The successful conclusion to be drawn from this information is that, the less hydrophobic monomer gave the best immobilization efficiency and that the glucose bioelectrode gives a particular reaction to ascorbate, urate and acetaminophen in a particular concentration.4
Another type of amperometric biosensors was developed. These resulted in yet another category of amperometric biosensors that have a basis on apparent direct electron transfer between electrodes and immobilized peroxidases. According to this method, enzymes and electricity play a part in the reduction of hydrogen peroxide starts at about +600mV as compared to a saturated calomel electrode (SCE) at neutral pH.

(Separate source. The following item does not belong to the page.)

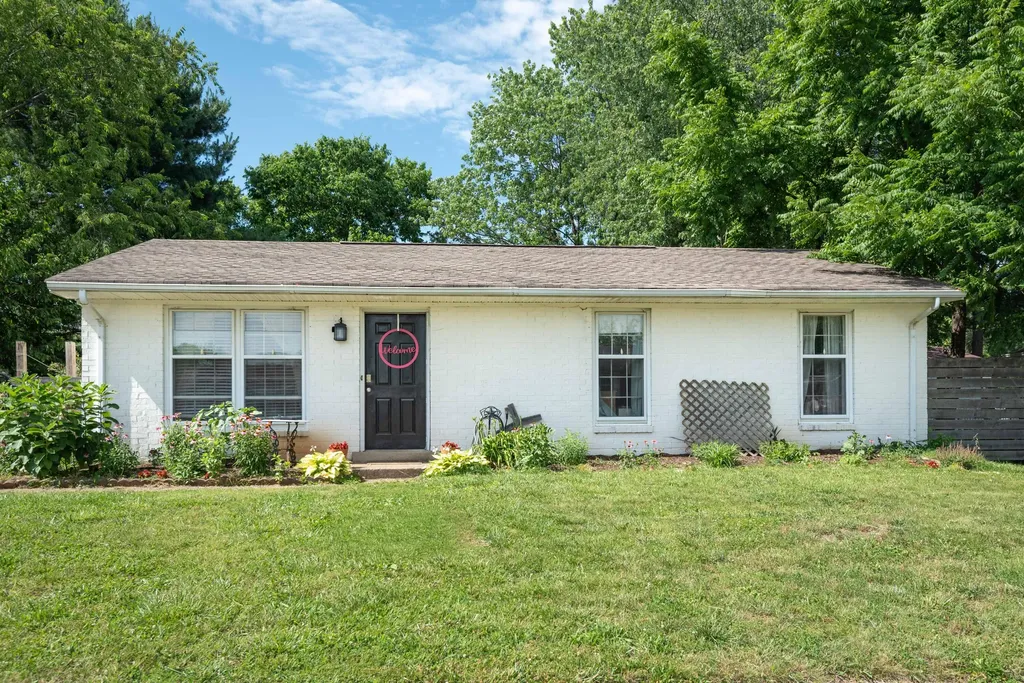 250 Lynnwood Drive Versailles KY 40383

It was analyzed from this experiment that the efficiency of electrocatalytic current is dependent on the applied potential. As the applied potential or strength of the solution increases or is made more negative up to -200 mV as compared to SCE, the efficiency of the current increases. Such electrodes are very useful for making hydrogen peroxide amperometric biosensors.5
New types were introduced as progress in amperometric biosensors took place. The new ones were more advanced and allowed analysts test samples which were not possible with the previous amperometric biosensors. Three methods for these biosensors were formed in which enzymatic determination of glucose was checked. The bilayer polymer coatings consisted of polypyrrole (PPy) and poly (o-phenylenediamine). The electrode substrate was responsible for introducing a significant amount of variation in the process of electrode construction.
These bore significant results as they generated improved selectivity against the interruption from electroactive acids such as ascorbic acid and uric acid6. These acids are mostly found in biological samples. This is not only helpful for the analysts, but it is a great source of knowledge and information for those who are interested in scientific experiments. They can include student groups and various analysts. With the help of the development procedures in the amperometric biosensors, they can test the samples and their minute details as they wish.7
Development in the amperometric biosensors led to the formation of screen-printed amperometric sensors for the quick measurement of L- and D- amino acids. This was a step further in the development as these could measure the amount of particular type of amino acids plus this procedure took lesser time. The electrode which has to perform the main task is coated with rhodinised carbon. This makes sure that hydrogen peroxide oxidation can take place at a reduced functional level and immobilized enzyme.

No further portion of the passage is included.